Lì si origina la mia rincorsa al tempo che fu, a ciò che antecedé la mia infanzia calcistica il cui punto d’inizio è segnato dall’Almanacco del 1989. Così, nell’attesa che ogni anno arrivi dicembre e che un volume nuovo di zecca si aggiunga alla collezione, di tanto in tanto qualche rigattiere si fa alleggerire di un vecchio Almanacco Illustrato del Calcio Panini dopo avermi alleggerito il portafoglio alla bisogna. Nello scaffale apposito, dunque, il segmento che si origina nell’Almanacco del 1989 ormai non si allunga più soltanto verso destra con le edizioni del ’90, del ’91 e così via fino al 2007 e al 2008 nei prossimi giorni; ha preso ormai a crescere anche verso sinistra, in senso inverso al progredire del tempo, con le edizioni dell’88 (in copertina Altobelli) e dell’84 (Bruno Conti) e dell’82 (Scirea) e col proposito incrollabile di colmare, con tempo e pazienza nella ricerca, tutti i buchi che il tempo ha lasciato dietro di me, fino a trasformare il segmento in una retta continua e come tale (per definizione) infinita.

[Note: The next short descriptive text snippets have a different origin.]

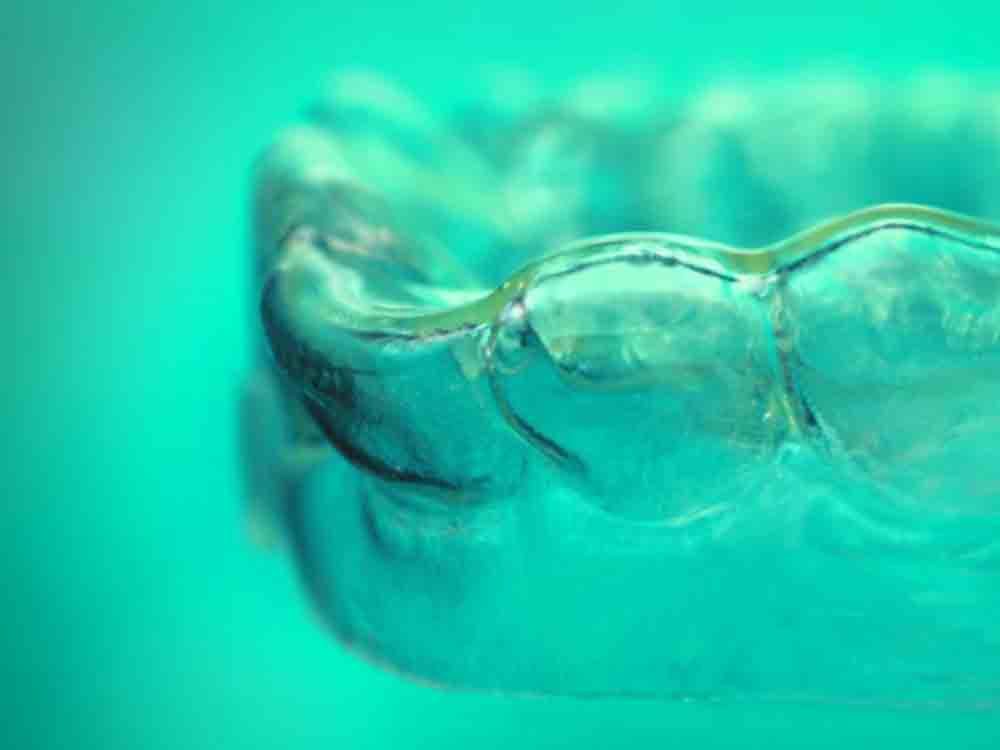 Intelligente Materialien für die Aligner Therapie: nachhaltiger, kostengünstiger, schonender, Fraunhofer Institut für Angewandte Polymerforschung IAP Intelligente Materialien für die Aligner Therapie: nachhaltiger, kostengünstiger, schonender, Fraunhofer Institut für Angewandte Polymerforschung IAP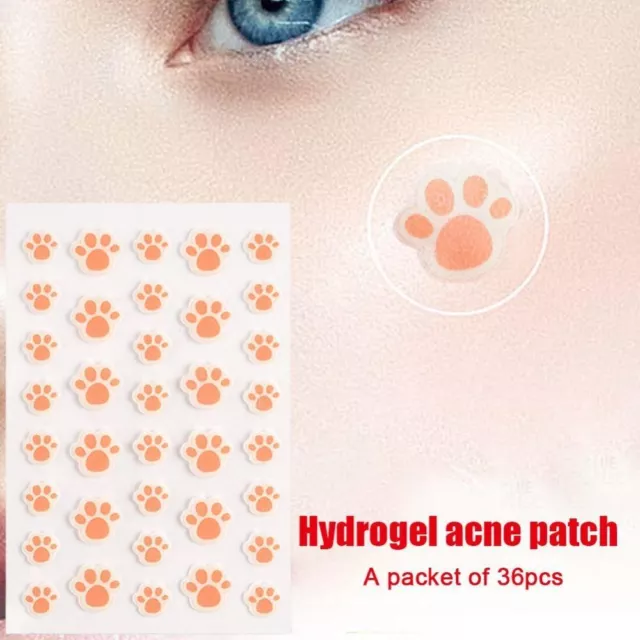 36 pz/set patch acne artiglio gatto bellezza strumento acne invisibile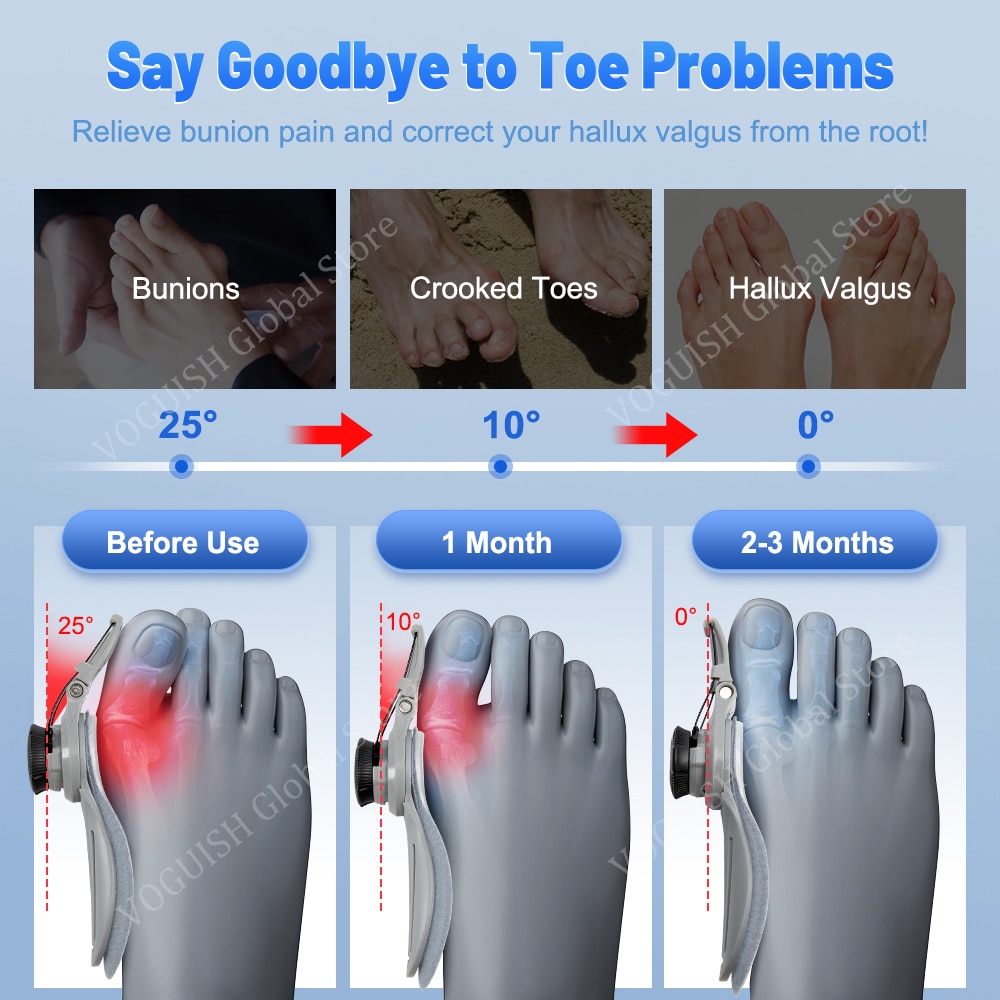 Bunion Splint Big Toe Straightener Corrector Foot Pain Relief Hallux Valgus Correction Orthopedic Supplies Pedicure Foot CareHats & Caps. 
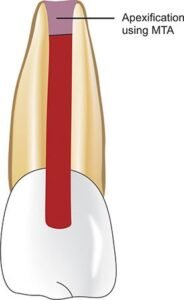 Apexification in Endodontics Image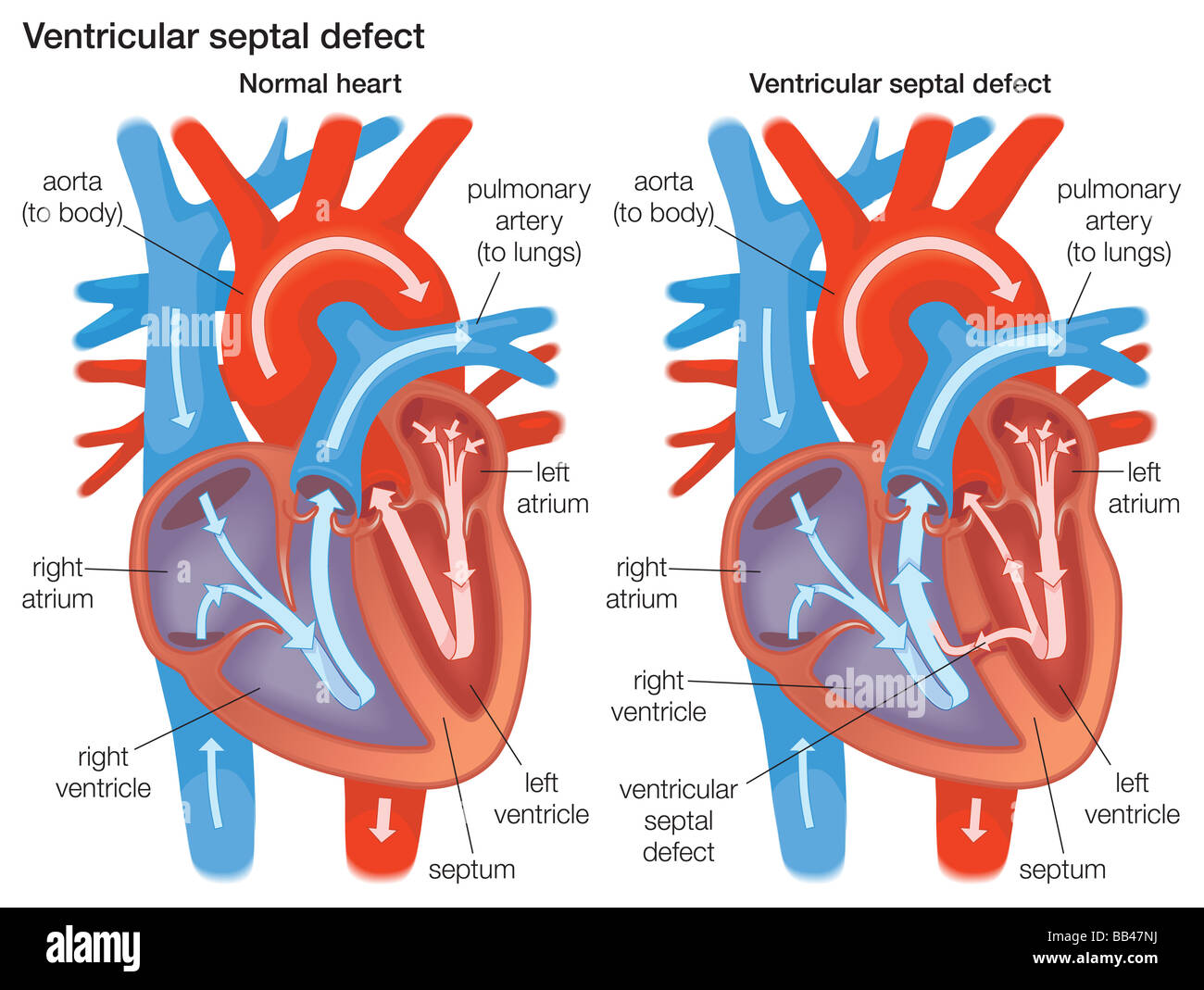 Comparison of a normal heart to one with a ventricular septal defect Stock Photo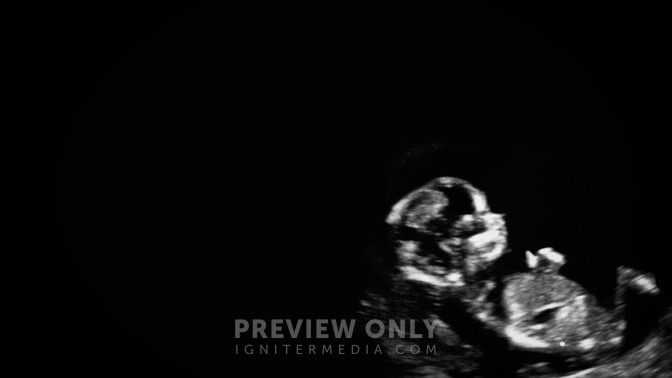 Perfectly_Imperfect_16x9-TITLE-3#preset=tg_title3.jpg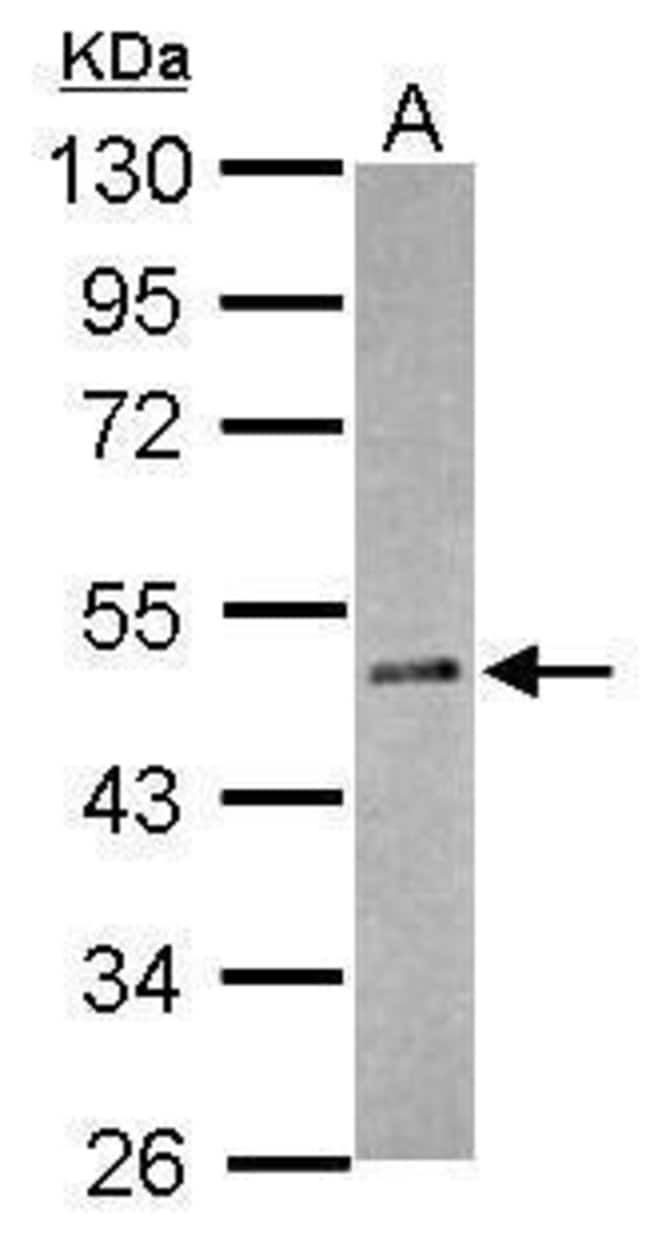 Anti-RBM41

Io non so come sia l’inferno, mentre sul Paradiso ho le idee piuttosto chiare: sarà la sospensione di ogni temporalità che mi permetterà di vedere in diretta tutti i campionati che mi sono sfuggiti per nascita ritardataria; mi stupirò per l’Hellas Verona che vince lo scudetto e tratterrò il fiato a ogni ruzzolone di Riva; vedrò l’Inter che vince la Coppa dei Campioni ed esulterò per l’impero calcistico dell’Italia fascista. Sarà la dilatazione dell’infanzia, la conquista dell’eternità, l’immortalità recuperata: come volevasi dimostrare.